Aussie Workers Not Convinced About The Benefits Of AI
While there’s no denying that artificial intelligence (AI) is becoming more commonplace in all aspects of life, it appear that many Australians have yet to welcome the concept with open arms. In addition, there’s a marked disconnection between how senior management, workers and consumers view the impact of how robotics will influence our world in the near future.
A recent report published by global professional services company, Genpact*, has not only revealed that Aussie workers have more scepticism towards the benefits of robotics than those elsewhere in the world, but that a drive to change the way AI is perceived by the majority has not yet begun to have a dramatic effect.
Management vs. consumers
On a global scale, Australians are the most cynical about how the integration of AI within the work and marketplace will benefit them. 31% feel that such technology threatens jobs (as opposed to 28% worldwide), and only 24% think robotics might create a new realm of career opportunities (36% globally). When it comes to consumer perception, only 43% of the population consider that AI is enhancing lives (53% worldwide).
But by far the most dramatic difference is between senior executives, workers and the end consumer. At management level 85% are convinced that the workforce will be comfortable working with AI by the end of 2021, whereas the reality in workers questioned is much lower, at only 48%. The rift between execs and consumers is even wider, with 88% believing that their customers will accept being served by a bot over a call-centre agent as opposed to the reality, which is a mere 7%.
Public concern over the future of AI
The bias against the integration of AI within everyday life and the workplace appears to be based around fear of the unknown. Worries about data breaches, job security and the impact on future generations are some of the main concerns raised by those surveyed. These concerns are greater amongst the Australian community than around the world and highlights a very real need for further education and training to target lack of knowledge and mis-information.
The report shows that Australians aren’t against AI, with 56% stating that how they view the technology would be more positive if they had greater understanding. 77% say that they’d be happy to learn new skills that would allow them to utilise AI in the workplace.

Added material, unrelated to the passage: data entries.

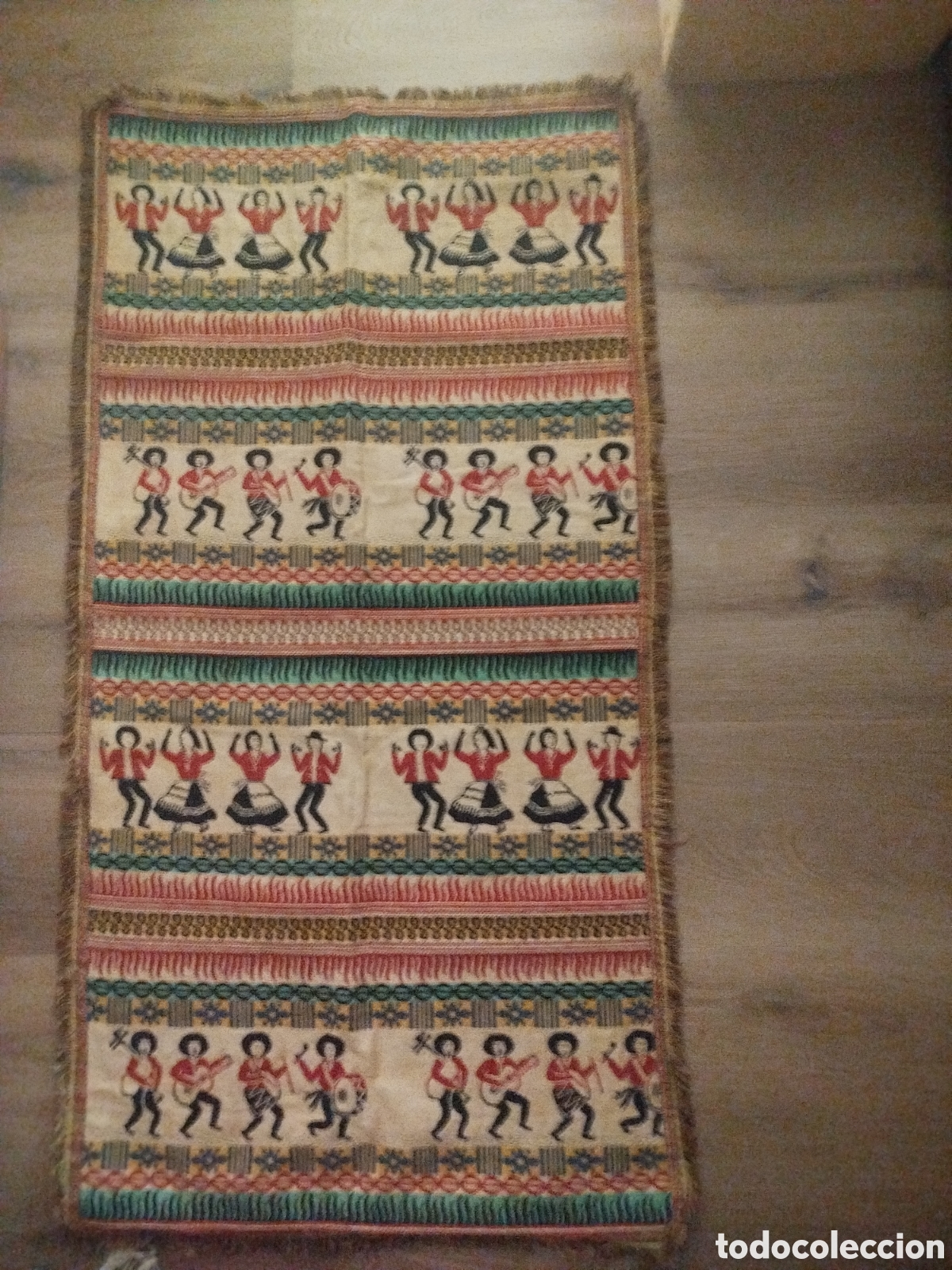 Antig&uuml;edades: Textil artesanal de Tarabuco de tres d&eacute;cadas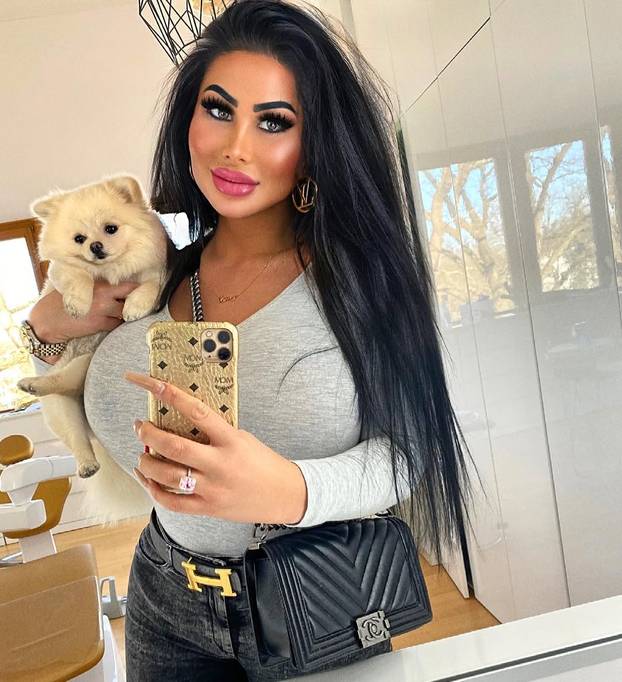 FOTO Barbie iz Berlina pobrala lovu bake pa ulupala 36.000 € u operacije: 'Ja sam umjetnost'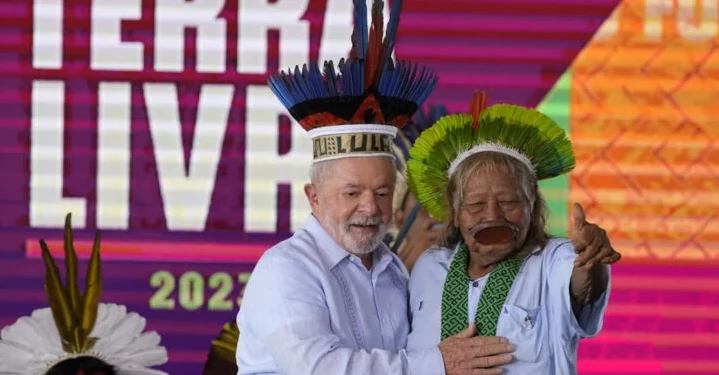 Brésil: le président Lula légalise six réserves indigènes, une première en cinq ans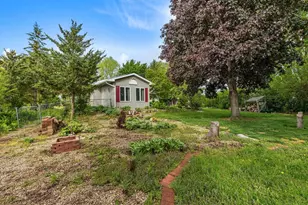 2220 W 20th Ave, Oshkosh, WI 54904 - Photo 13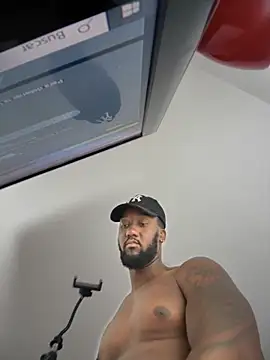 Snapshot of blackdrey18 chatting on 12/04/25, 12:26 blackdrey18 online show from 12/04/25, 12:26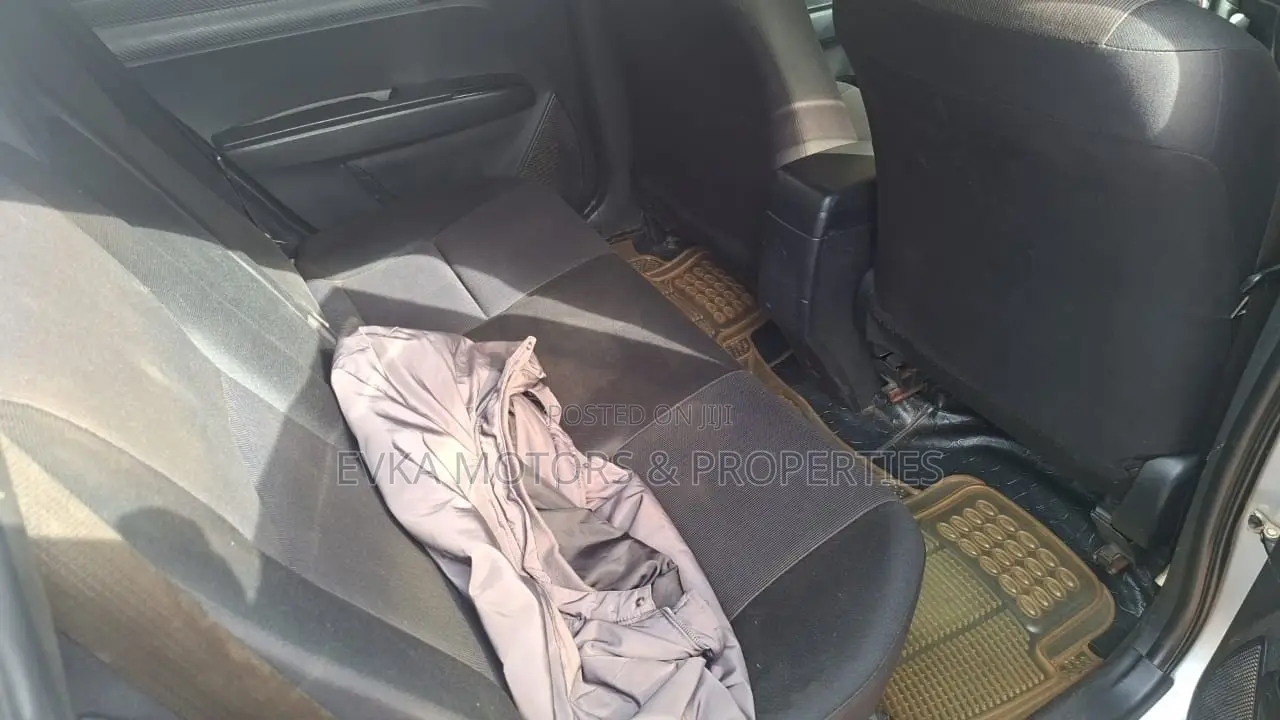 Toyota Corolla Fielder 2014 Silver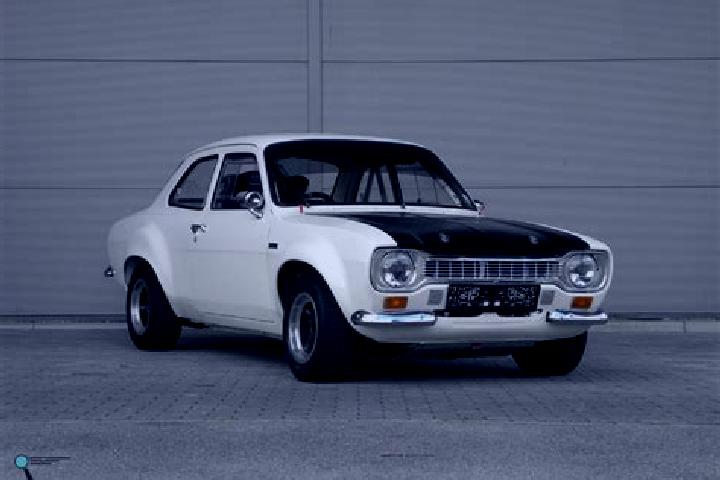 escort Maumbawa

The sticking point seems to be that companies are failing to address the issue with adequate training. While 62% of senior executives say that such reskilling is on offer, the reality for workers is that only 30% say they’re aware of such training being available. The uptake of this training is even less, with only 19% saying they’ve actually taken advantage of it.
The results are, however, not all negative. 84% of those surveyed feel that it’s vital for companies bridge this divide but while steps are being taken at management level this is yet to filter down the ranks. This is something that certainly needs to be addressed if Australia is to fully take advantage of the ever-increasing technology on offer.
Certainly it would appear that the most pressing goal for companies in the immediate future is to ensure such training opportunities and to provide more wide-spread education about the use of AI to both their workers and consumers.